Place: Ithaca
Born: 1874
Death: 1927
Biography:
Louis Agassiz Fuertes was an American ornithologist, illustrator and artist who set the rigorous and current-day standards for ornithological art and naturalist depiction and is considered as one of the most prolific American bird artists, second only to his guiding professional predecessor John James Audubon.
Fuertes was born in Ithaca, New York, and was the son of Puerto Rican astronomer and civil engineer Estevan Fuertes and Mary Stone Perry Fuertes. His father was the founding professor of the School of Civil Engineering at Cornell University, and for many years served as the dean of the college. Estevan named his son after the Swiss-born American naturalist Jean Louis Rodolphe Agassiz who had died the year before. Fuertes's mother, born in Troy, New York, was of Dutch ancestry.
Young Louis became interested in birds at very early age, securing birds with a slingshot and examining them carefully.
As a child he had been influenced by John James Audubon's The Birds of America. At the age of fourteen, he made his first painting of a bird, a male red crossbill, from life. He learned to keep careful records of the appearance, habits and voices of birds.
In 1890 he sent a specimen that he collected to the Smithsonian and received stellar praise and glowing comments on its rarity and accuracy and in 1891, at the young age of 17, Louis became the youngest member ever named when he was inducted as Associate Member of the American Ornithologists' Union.
He was encouraged by his father's colleagues at Cornell including Burt G. Wilder and Liberty H. Bailey.
In June 1892, he accompanied his parents to Europe and sketched birds and animals at the Jardin des Plantes in Paris.
In September he joined the Institute of Keller, a school in Zurich, staying on for a year.
Returning to America, he enrolled in Cornell in 1893, choosing to study architecture.
His older brother James, however shared in a memoir that Louis lacked a passion for geometry and mathematics and would often fall asleep when James tried to coach him. During one college lecture, Louis climbed out a classroom window and sat completely still in a tree to investigate a strange bird call he had never heard before.
His interest in singing led him to join the Cornell University Glee Club. In 1894, the Glee Club went on a tour to Washington, D.C., where another member of the club suggested that Louis meet his uncle Elliott Coues, who was also keenly interested in birds. This meeting was a turning point, as Coues recognized Fuertes' talent and spread the word about his already distinguished work. In 1895 Coues exhibited fifty of the works of Fuertes at the Congress of the American Ornithologists' Union at Washington, a meeting that Louis was unable to attend. He received the first of his many commissions for illustrating birds while still an undergraduate.

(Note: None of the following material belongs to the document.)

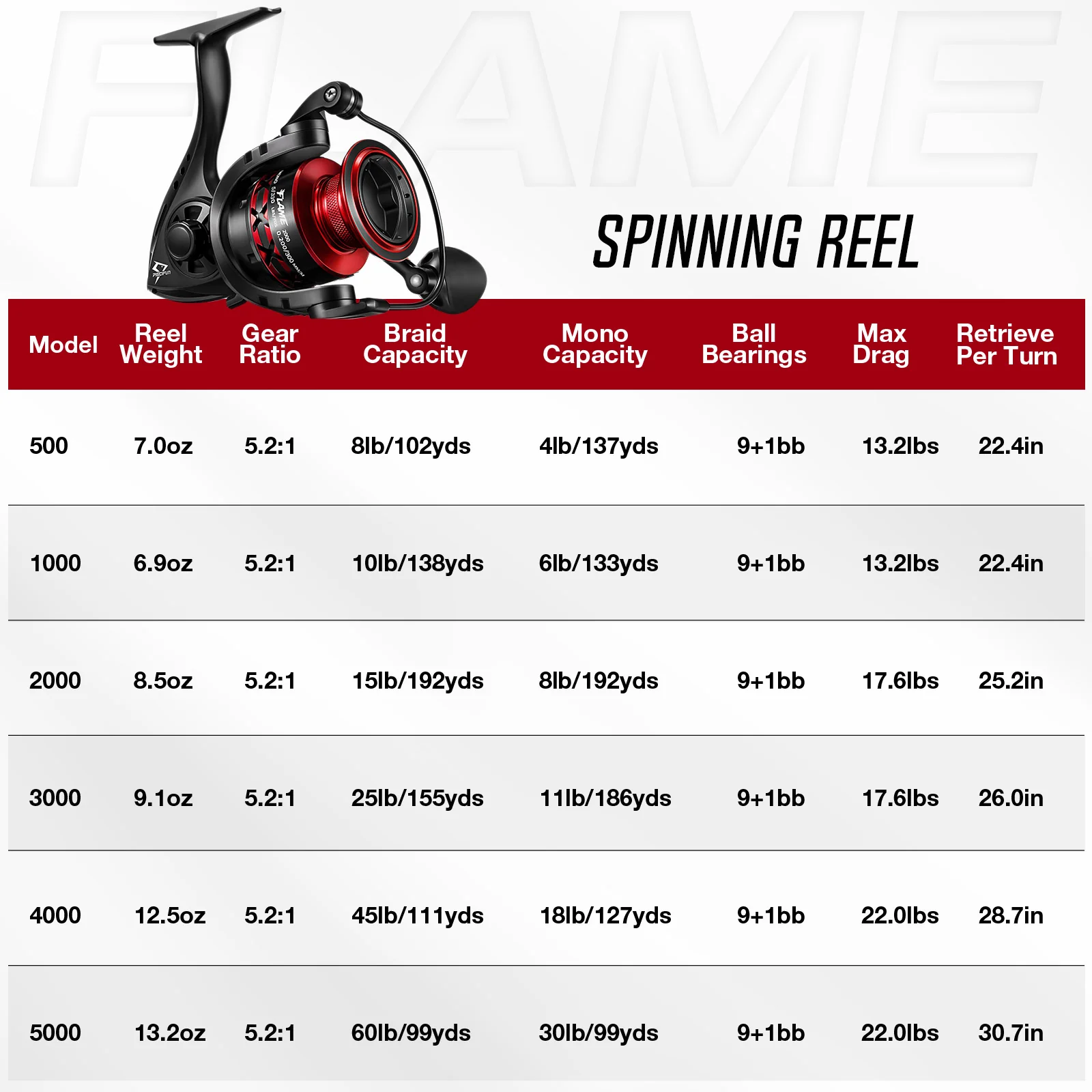 Piscifun® Flame Spinning Reel Size 500 1000 for Ice Fishing - Image 8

At Cornell, he was elected to the Sphinx Head Society, the oldest senior honor society at the University. He was also a member of Alpha Delta Phi which he joined having been lifelong friends with famed horticulturalist and naturalist Theodore Luqueer Mead, one of his father's former students and member of the fraternity.

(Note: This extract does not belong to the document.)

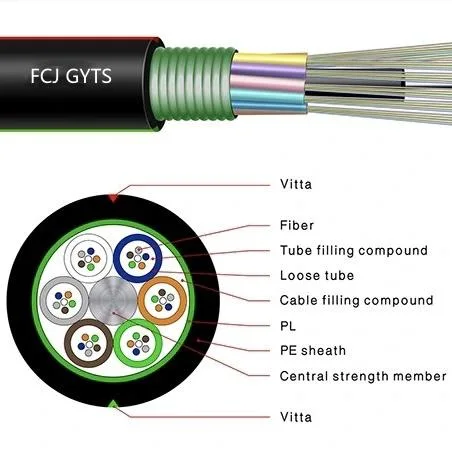 Fcj GYTS Telecommunication Use Fiber Optic Cable Price Per Meter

In 1896 Coues invited Fuertes to attend the Ornithological Congress at Cambridge in England.
After graduating from Cornell in 1897 and became an apprentice to the painter Abbott H. Thayer. In 1898, he made his first expedition, with Thayer and his son Gerald, to Florida. In 1899, Fuertes accompanied E. H. Harriman on his famous exploration of the Alaska coastline, the Harriman Alaska Expedition.
Fuertes later traveled across much of the United States and to many countries in pursuit of birds, including the Bahamas, Jamaica, Canada, Mexico, Colombia, and Ethiopia. Fuertes collaborated with Frank Chapman, curator of the American Museum of Natural History, on many assignments including field research, background dioramas at the museum, and book illustrations. While on a collecting expedition with Chapman in Mexico, Fuertes discovered a species of oriole. Chapman named it Icterus fuertesi, commonly called Fuertes’s oriole after his friend.
In 1904 Fuertes married Margaret F. Sumner and they had a son, Louis Sumner, and a daughter, Mary.
Fuertes regularly lectured on ornithology at Cornell University beginning in 1923. Fuertes was an able imitator of bird song and even made a trial recording for a Victor record in 1913.
In 1926–27 he participated in the Field Museum's Abyssinian Expedition led by Wilfred Hudson Osgood. He produced some of his most exquisite bird and mammal watercolors as a result of this trip.
Upon his return from Ethiopia, Fuertes visited Frank Chapman at Tannersville, New York. Returning from the meeting, his car was hit by a train at a railroad crossing near Unadilla, New York, and he was killed. A load of hay had concealed the oncoming train. His wife was seriously injured but survived.